• _PROBLEM REQUIREMENTS_:
Every line of the listing below should be written out exactly, minus its pictures.

• _SOURCE MATERIAL_:
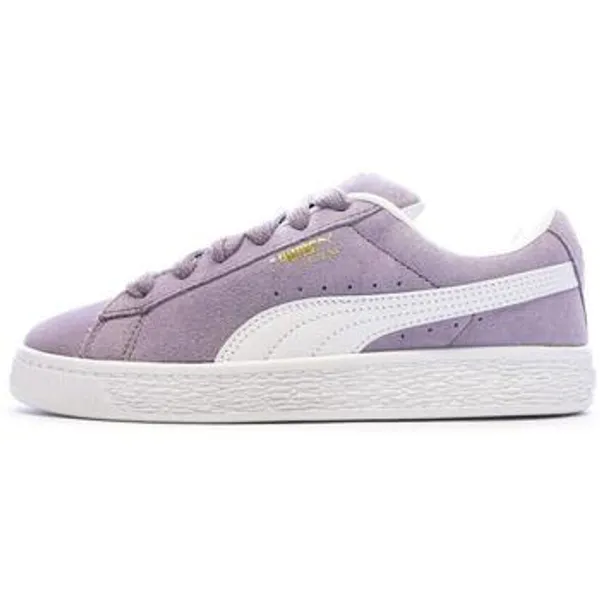 Puma Suede XL Paars, vergelijk prijzen bij 1 winkel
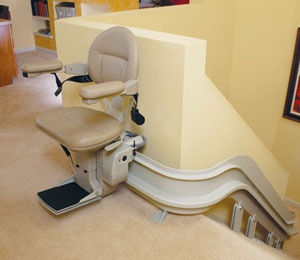 Stairlift Installers Stairlift Installers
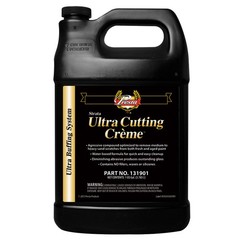 Presta Ultra Cutting Creme 1 Gallon Abrasive Compound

• _ANSWER BELOW_:
 Puma Suede XL Paars, vergelijk prijzen bij 1 winkel
 Stairlift Installers Stairlift Installers
 Presta Ultra Cutting Creme 1 Gallon Abrasive Compound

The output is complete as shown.